Yani başınızdaki ses, kayıt aletinden duyduğunuz kendi sesinizi sert biçimde eleştiriyorsa, muhtemelen içinizdeki eleştirmen çok reaksiyon gösteriyor ve kendinizi fazla sert yargılıyorsunuz.
Kaynak: Diken
Doç. Dr. Bhatt’a bakılırsa kaydedilmiş sesimizi dinlerken yaşadığımız rahatsızlığın arkasında ruhsal ve fizyolojik niçinler yatıyor.
Öncelikle ses kaydından çıkan sesle konuştuğunuzda çıkan ses beyne farklı olarak iletiliyor. Ses kaydını dinlerken ses hava yoluyla kulağa geliyor. Buna ‘hava iletimi’ ismi veriliyor. Ses kulak zarını ve küçük kulak kemiklerini titreştiriyor. çabucak sonrasında bu kemikler ses titreşimlerini kulak salyangozuna (koklea) iletiyor. Bu da işitsel sinyalleri beyne gönderen hudut liflerini (aksonlar) uyarıyor.
Fakat konuştuğunuzda sesiniz farklı biçimde iç kulağınıza ulaşıyor. Sesin bir kısmı ‘hava iletimi’ yoluyla iletilirken birçok kafatası kemikleri aracılığıyla içsel olarak iletiliyor. Konuşurken duyduğunuz kendi sesiniz hem dış hem iç iletimin bir karışımı. Bu kemik yoluyla iç iletim düşük frekansları güçlendiriyor. Bu niçinle beşerler konuşurken genelde seslerini daha derin/tok ve güçlü algılıyor. Buna kıyasla kaydedilmiş ses ise daha ince ve tiz duyuluyor. Bu niçinle beşerler sesinden utanıyor yahut rahatsız oluyor.
Bu rahatsızlığın bir diğer sebebi de kendi sesinizin aslında yeni bir ses olması. Bir diğer deyişle kendi algınızla gerçek içindeki fark ortaya çıkıyor. Sesiniz kimliğinizin kıymetli bir kesimi olduğundan bu uyumsuzluk hoşunuza gitmiyor. Apansızın insanların başından beri değişik bir şey duyduğunu fark ediyorsunuz.
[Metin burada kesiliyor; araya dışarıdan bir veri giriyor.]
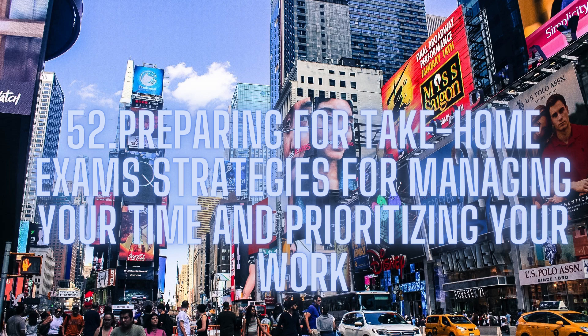Preparing for take-home exams: strategies for managing your time and prioritizing your work. Take-home exams are becoming increasingly common as a form of assessment in universities and colleges. Unlike traditional in-class exams, take-home exams provide students with more time to complete their work and allow for a greater depth of analysis and research.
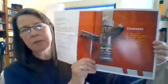Here's the title page — Fire Trucks. Since this is a nonfiction book, it also has a table of contents. The table of contents tells us what's going to be in the book and which page we can find it on.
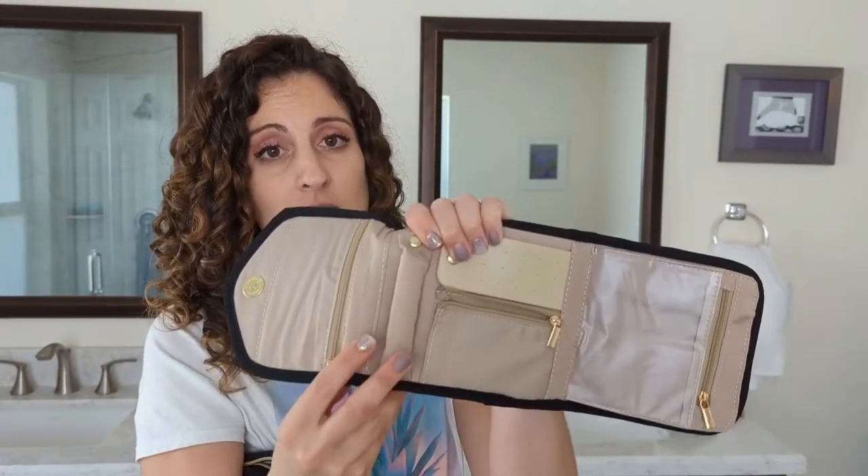Hi, this is Danielle with WTI, and I'm here to share with you this really awesome jewelry case that you can use for traveling. I'm going to show you a close-up of this and why I like it so much.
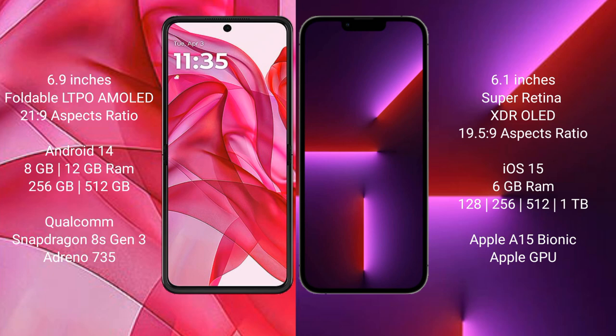Motorola Razr 50 Ultra comes with 8GB or 12GB RAM and 256GB or 512GB internal storage. It is powered by a Qualcomm Snapdragon 8S Gen 3 processor with an Adreno 735 GPU.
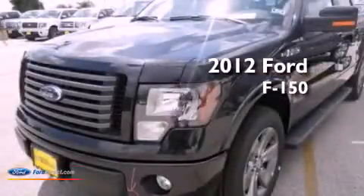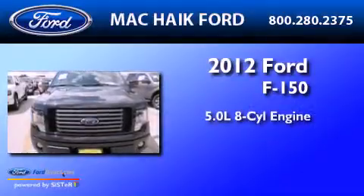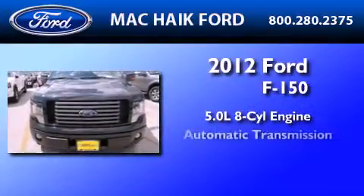This is a brand new 2012 Ford F-150. It features a 5.0-liter eight-cylinder engine and an automatic transmission.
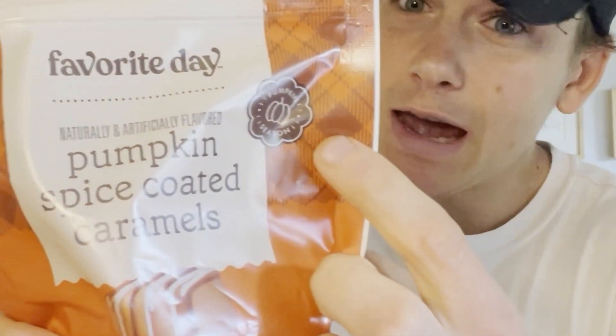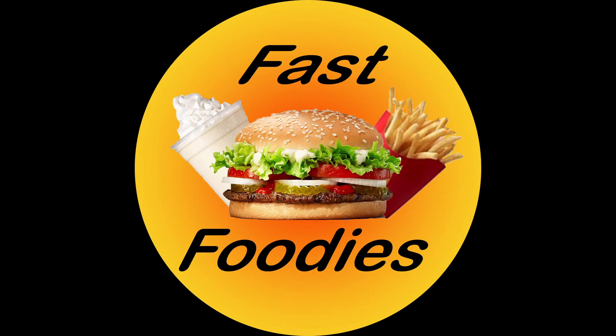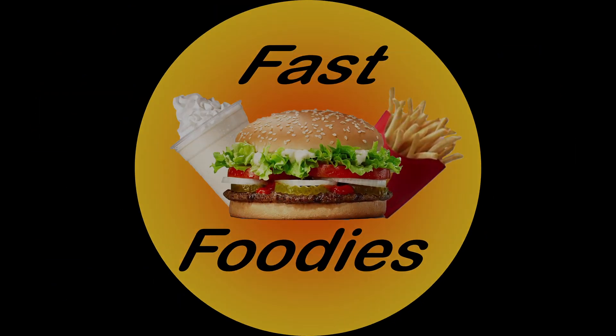It even says right here, it's pumpkin season. Welcome back fast foodies to yet another fall time pumpkin themed, pumpkin flavored review.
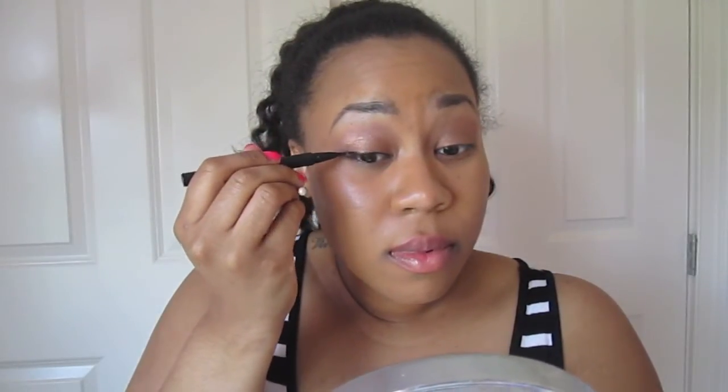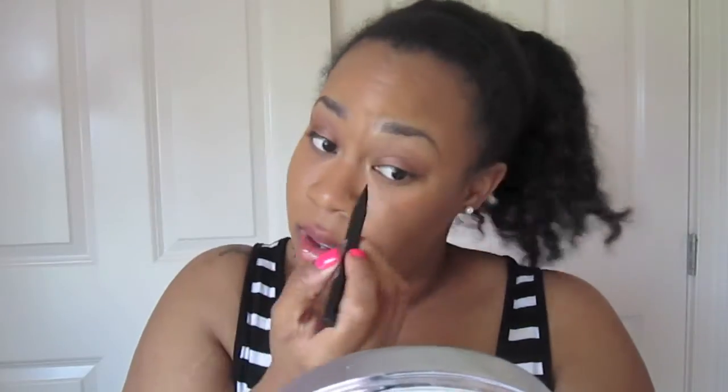This is so nerve-wracking for me. Let me try to do some liner. Okay, well that eraser sucks — it's not even. This is the exact reason why I don't do stuff on camera. I'm doing horribly, I'm so nervous. Okay, that eyeliner looks horrible but whatever — it's not like we have a bunch of time.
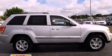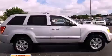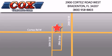This automobile won't last long at this price — call and arrange a test drive now. Be sure to take advantage of our first year complimentary basic maintenance on every pre-owned vehicle purchased from Cox Automotive.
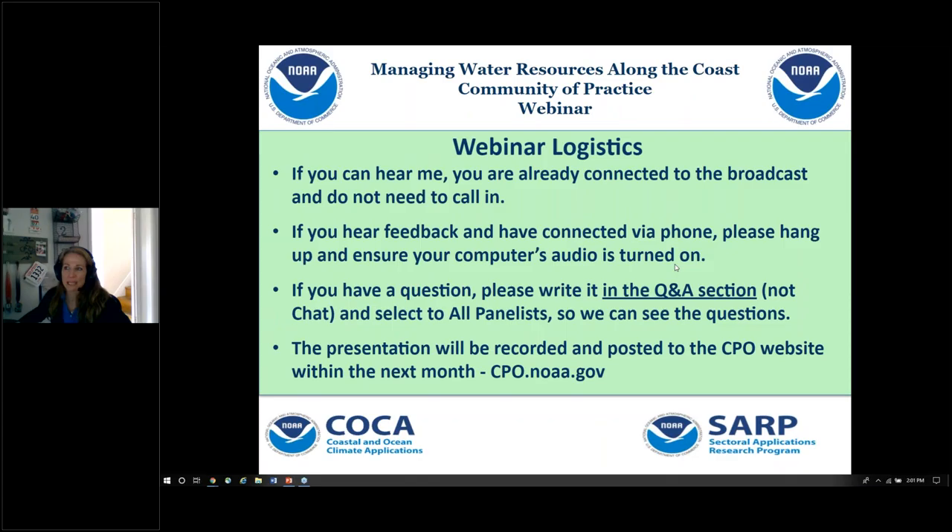Hi, everyone. My name is Jen Dubkowski with NOAA's Climate Program Office in Silver Spring. Coming to you from home today, I'd like to welcome you to our fourth in a series of the Managing Water Resources Along the Coast Community of Practice webinar. Today's webinar is exploring science and research topics relevant to that Community of Practice, sponsored by NOAA's COCA, SARP, and Adaptation Sciences Programs.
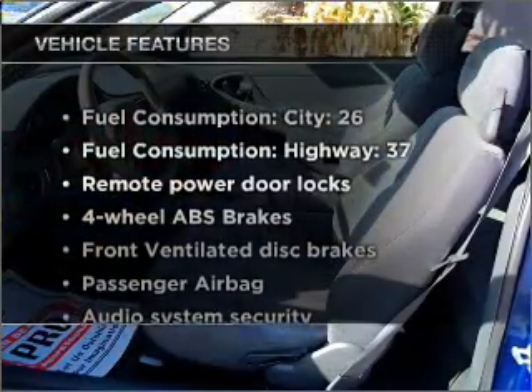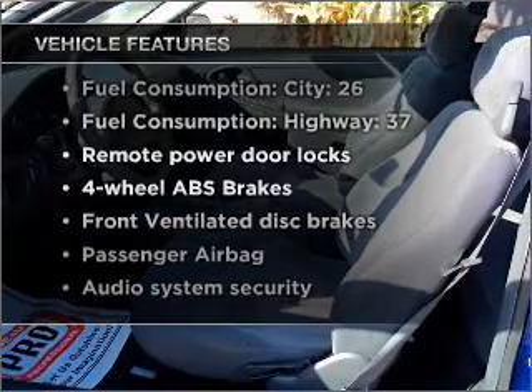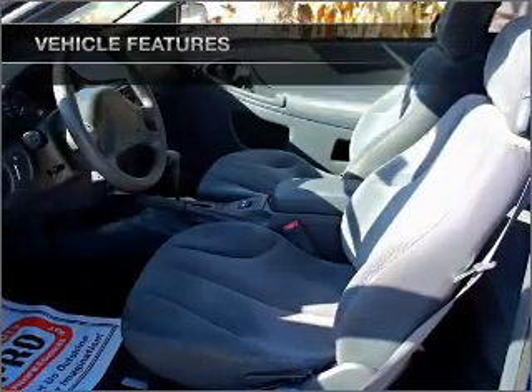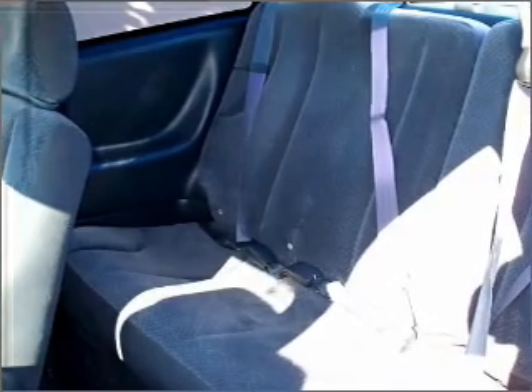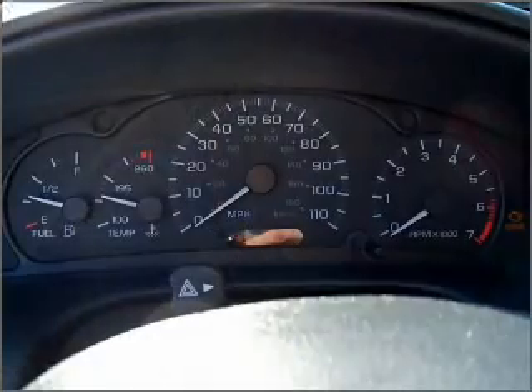And with these notable features, you won't want to miss out on the opportunity to own this amazing vehicle. Air conditioning, power door locks, power windows, power steering, cruise control, and power mirrors.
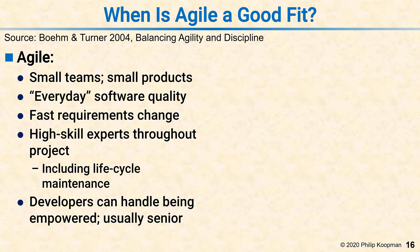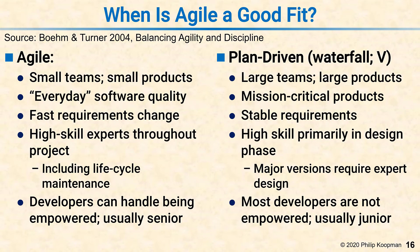In contrast, plan-driven — traditional approaches like waterfall and V — has a different sweet spot. It's at its best for large teams and large products.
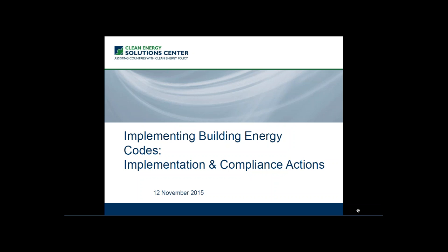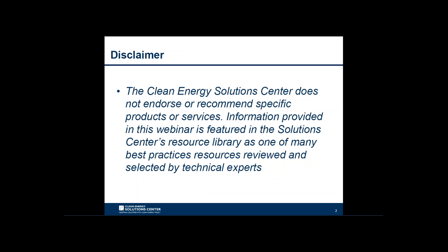Sean Esterly with the National Renewable Energy Laboratory, welcome to today's webinar hosted by the Clean Energy Solutions Center in partnership with the Pacific Northwest National Laboratory and Global Buildings Performance Network, also known as GBPN. Today's webinar will present lessons from G20 countries in successfully implementing and improving compliance with building energy codes and case studies. The Clean Energy Solutions Center does not endorse or recommend specific products or services. Information provided is featured in the Solutions Center's resource library as one of many best practices resources reviewed and selected by technical experts.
Aslında sesimiz kayıttaki hali üzere çıkıyor. Fakat gerçek sesimizi duymamızdan kaynaklanan rahatsızlık algıladığımızdan daha makûs olması da değil; temelde kendimizi diğer biçimde duymaya alışık olmamız.
2005’te yayınlanan bir araştırmada hastalara kendi sesleri dinletilip puanlamaları istenmiş. Tıpkı sesler için araştırmacılar da puanlama yapmış. Sonuçta hastaların klinik çalışanlarının objektif değerlendirmesine kıyasla kendi seslerini daha olumsuz değerlendirdiği görülmüş.
Yani başınızdaki ses, kayıt aletinden duyduğunuz kendi sesinizi sert biçimde eleştiriyorsa, muhtemelen içinizdeki eleştirmen çok reaksiyon gösteriyor ve kendinizi fazla sert yargılıyorsunuz.